Mary Aichlmayr, staff editor on various Penton publications and chief editor of Material Handling Management (MH&L's predecessor) from 2008-2010, died unexpectedly and much too soon. She was only 37.
You would have had to go a long way to find a more passionate journalist within the material handling and logistics field. Mary lived and breathed the stories that she reported and followed, and as her boss for a couple of those years, I was always impressed by the fire in her eyes whenever she was hot on a story that she knew nobody else in the field was covering anywhere near as avidly. For instance, nobody but nobody covered the various pallet industry controversies with more fervor than Mary, whether it was the raging debate over fire codes, the incidence of bug infestations in wood pallets, or Johnson & Johnson's supply chain breakdown.

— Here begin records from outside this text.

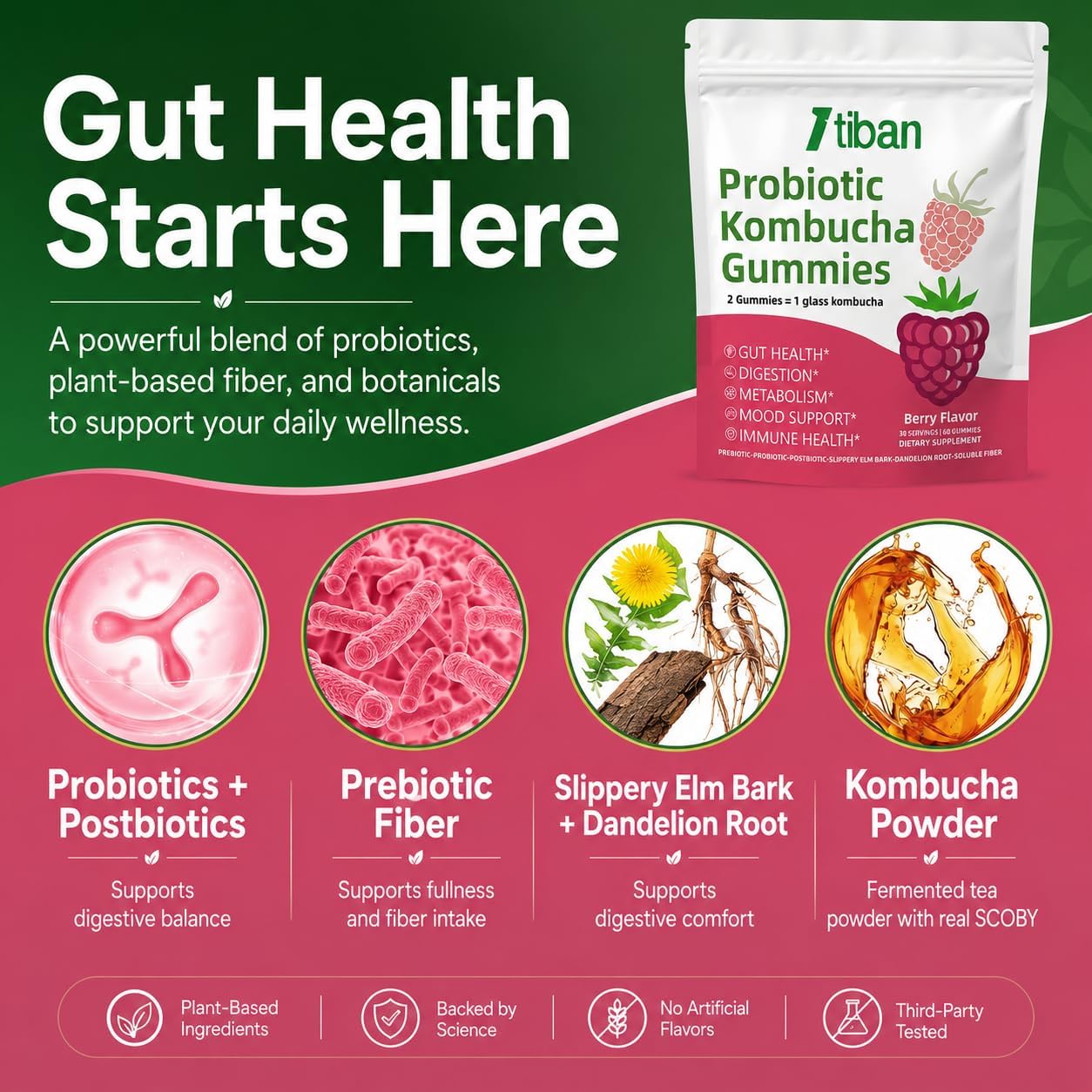Detalle de Itiban Probiotic Gummies, Berry Flavor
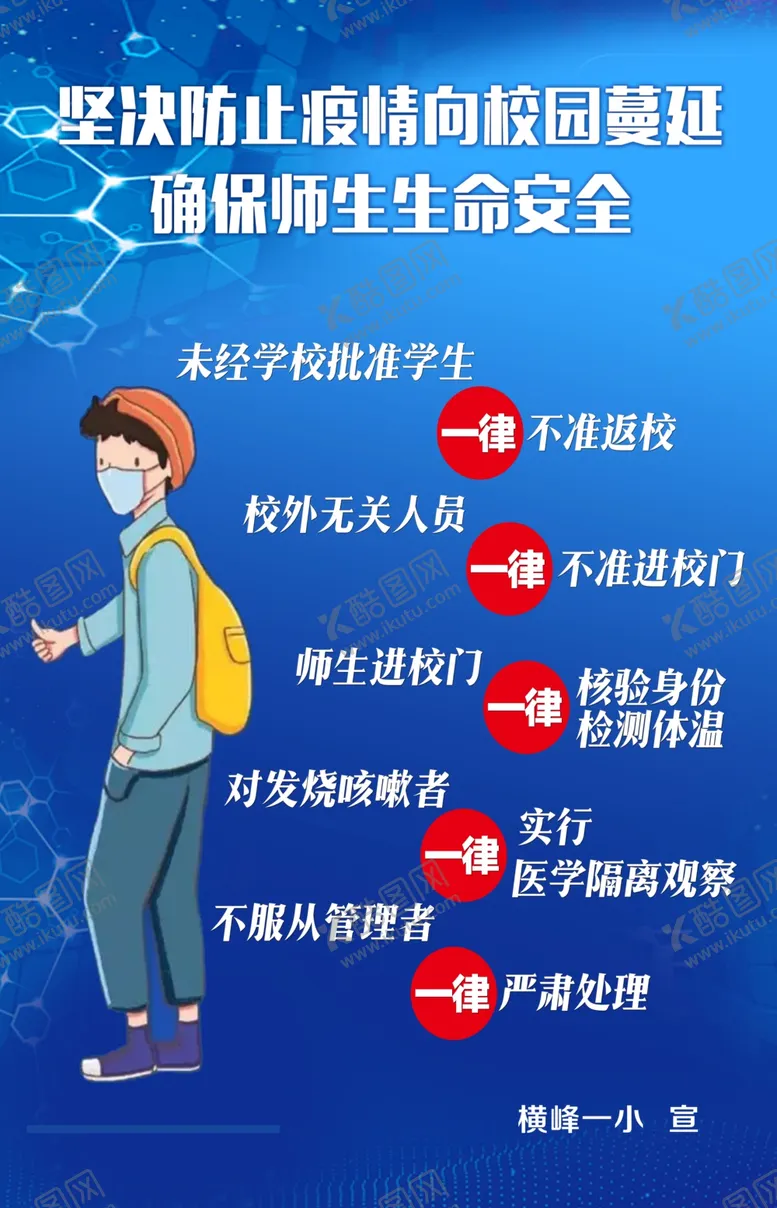 编号：34106607030712148411【酷图网】源文件下载-学校五个一律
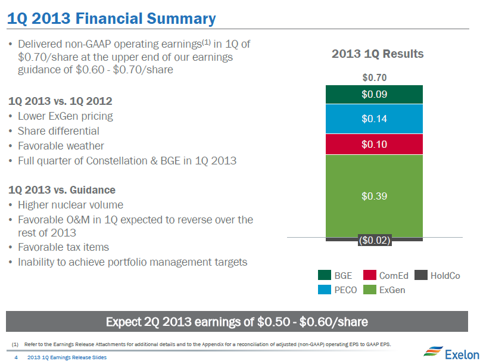 Exelon dividend cut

One of the first things I did when I became editorial director of MHM was to work with Mary on creating the “News Beat” section of the print magazine, which gave her more room to analyze the breaking news stories she had reported online. Her sense of what was important to MHM's readers was spot-on, and her ability to hone in on stories that deserved the deeper coverage that she brought to bear was impressive.

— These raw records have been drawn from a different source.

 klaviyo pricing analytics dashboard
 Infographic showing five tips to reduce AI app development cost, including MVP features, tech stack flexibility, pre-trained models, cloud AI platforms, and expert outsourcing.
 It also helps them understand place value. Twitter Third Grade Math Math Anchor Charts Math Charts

I learned that she came by her passion honestly, when I met her father at calling hours and learned that he had worked in the material handling field for many years, and that they had often discussed various topics that should be more heavily scrutinized than the popular press would ever do. But Mary was just as likely to follow up on a tip from the many industry sources she cultivated throughout her career as a business journalist. Mary was truly one of a kind, and I'll miss her.
I'm reminded of the closing lines of Neil Diamond's “Done Too Soon,” a song that begins with a bouncy melody as he runs through the names of many famous people, but then ends somberly with the lines, “Each one there has one thing shared: They all sweated beneath the same sun. Looked up in wonder at the same moon. And wept when it was all done, for being done too soon… for being done too soon.”